Video Screencast Help

backups causing server to drop network packets eventually lead to network failure

Created: 21 Jun 2013 • Updated: 09 Jul 2013 | 11 comments
This issue has been solved. See solution.

First a little history...  I just migrated netbackup 7.1.03 master/media from solaris10 sparc V440 to Redhat 6.4 netbackup 7.1.0.3 on hardware Dell PowerEdge R720xd.   I have a mixture of clients with windows, solaris, Redhat linux.   I performed the migration around end of May.   Everything ran fine for the first week with all clients except one client.   It appears that one particular client running 7.1.03 netbackup client on solaris 9 with hardware SunFire 6800 started to experience latency up to the point of where the server eventually would drop packets and off the network.   This server is running rman as well as filesystem level backups.   Prior to the migration from solaris10 to redhat, i had not experienced this issue.   Even when you cant access the server via ssh or ftp, the backups never fail but nothing can connect to the server(ie oracle, ssh, etc..).    However if i get on the client console, the client resources are fine and the server operates normally with the only issue being it cant ping out and nothing can ping the server without dropping packets or pings just stop all together.    If I run tcpdump on the master/media the last thing i see is the master talking to the client and the client does not return.    I have checked with our network team and they only see an increase in traffic but its not to the point of dropping packets and there are no errors on the switch or nic.   Keep in mind this was all working from the solaris10 master media.   Below are things i have done to try and resolve the issue with no affect:

  1. Physically switched cable on the server thus illuminating a bad cable
  2. Physically switched to a new nic card and a different port on the switch with new cable
  3. Moved to a different ip from the public nic to exclusive backup nic
  4. Verified with Network team there are no packets being dropped from the switch
  5. Moved the SAN from active/active to active/passive… this was to fix the trespassing LUNS
  6. I have tried to duplicate a load by running 7 @1GB scp transfers simultaneously and the server did not even blink.
  7. Tried running only one stream versus multiple streams
  8. Put in exclusions

I am at a lost at the moment... In my mind i know its not a netbackup issue and has to be something with hardware but i just cant find it.    I am open for suggestions. 

 

 

Operating Systems:

Comments 11 CommentsJump to latest comment

Nagalla's picture

hi ,

my first questions: does this packet drops in ping and server is un accassible through  oracle, ssh, etc.. is only  happening at the time of backups?

what is the Network speed , does  it have 10 Gig port or 1 Gig port?

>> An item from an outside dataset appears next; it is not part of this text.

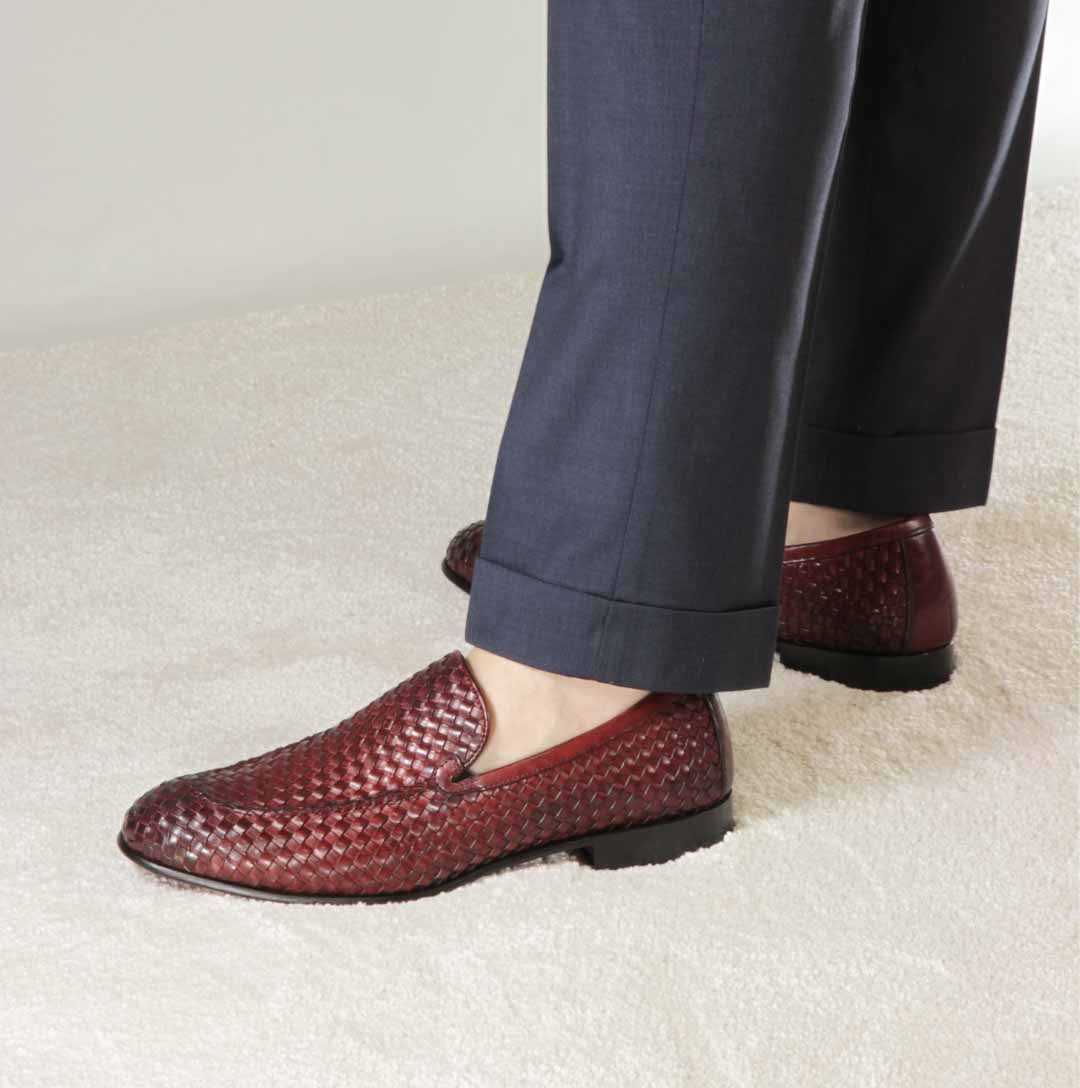 Classic men's moccasin in red woven leather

did you find a chage to run the appcritical test(kind of Network test) with the help of symatec support where the symatec support anylise the test results and provides the inputs?

as long long as you see the packet drops in network, you need to push back to Network team and server team to get it fixed.. there is more deep investigation that needs to done by server and Network team and comeup with the recommendatsion and suggestions to the backups team.

as a backup person we dont have much scope on the server and network level, and netbackup is dependent on those... 

so i would say..

1)check that packet drop is only at the time of backup or not, 

2)get symantec support.. run appcritical test.. take the results and push back to server and Netwrok team.

 

Nicolai's picture

Are you using any sort of load balance or port aggregation like LACP ?

Misconfigured port  aggregation software can show symptoms like the one you mention.

Assumption is the mother of all mess ups.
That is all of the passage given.